Os que morrem na graça e na amizade de Deus, mas não estão completamente purificados, embora tenham garantida a sua salvação eterna, passam, após sua morte, por uma purificação, a fim de obter a santidade necessária para entrar na alegria do céu. É o que a Igreja denomina purgatório, a purificação final dos eleitos (cf. CIgC, n. 998). Este ensinamento apoia-se também na prática da oração pelos defuntos, da qual a Sagrada Escritura nos fala: “Eis porque ele [Judas Macabeu] mandou oferecer esse sacrifício expiatório pelos que haviam morrido, a fim de que fossem absolvidos de seu pecado” (2Mac 12,46). Desde os primeiros tempos a Igreja honrou a memória dos defuntos e ofereceu sufrágios em seu favor, em especial o sacrifício eucarístico, a fim de que, purificados, eles possam chegar à visão beatífica de Deus.

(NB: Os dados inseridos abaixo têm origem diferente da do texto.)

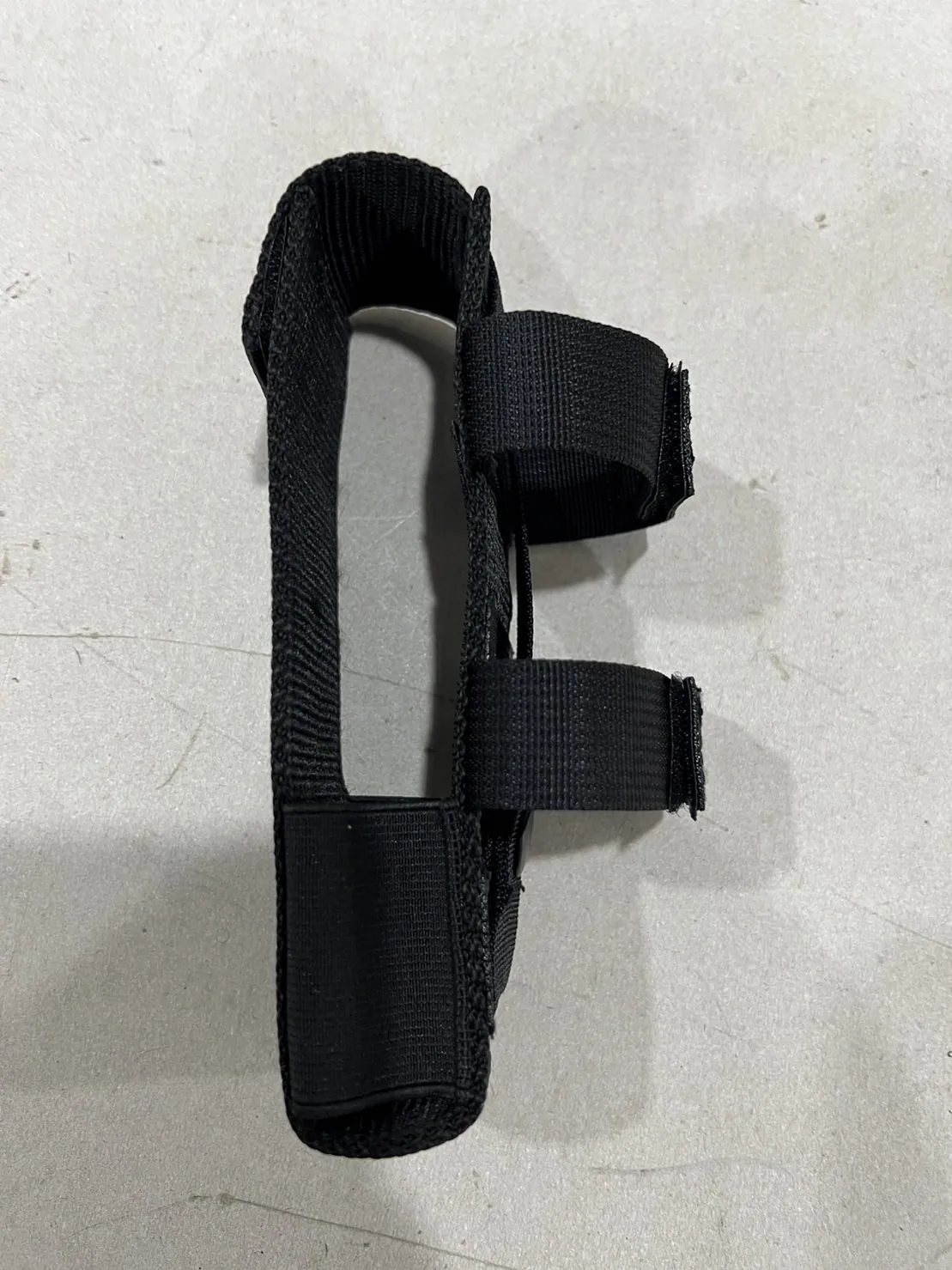 The same item showing the strap layout and stitching.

Quando professamos a nossa fé, ao recitarmos o Credo, afirmamos a nossa crença na ressurreição da carne e na vida eterna, portanto, após a ressurreição não haverá mais morte nem nascimento. A alma não morre, porém a carne ressuscitará e assumirá um corpo imortal, semelhante aos anjos, por isso não haverá necessidade da união entre esposa e marido, como Jesus mesmo explica no Evangelho (cf. Lc 20,27-38).  Nunca é demais lembrar que, na mesma oração de profissão de fé, também afirmamos que cremos que Jesus Cristo Ressuscitado virá para julgar os vivos e os mortos.

Por tudo isso, devemos viver a justiça e o amor, pois Jesus disse também que o justo não conhecerá a morte eterna (cf. CIgC, n. 989).  O termo “carne”, como aparece na oração do Credo, quando falamos “creio na ressurreição da carne”, designa o homem em sua condição de fraqueza e de mortalidade. A “ressurreição da carne” significa que após a morte não haverá somente a vida da alma imortal, mas também os nossos “corpos mortais” (Rm 8,11) vão readquirir vida (cf. CIgC, n. 364).

Peçamos à Virgem Maria, a quem invocamos como Porta do Céu, que nos ajude a entender que o nosso morrer não é o fim, mas o ingresso na vida que não conhece a morte. E que possamos estar sempre direcionando os nossos passos para a verdadeira pátria celeste, que é a razão da nossa esperança.  Assim seja.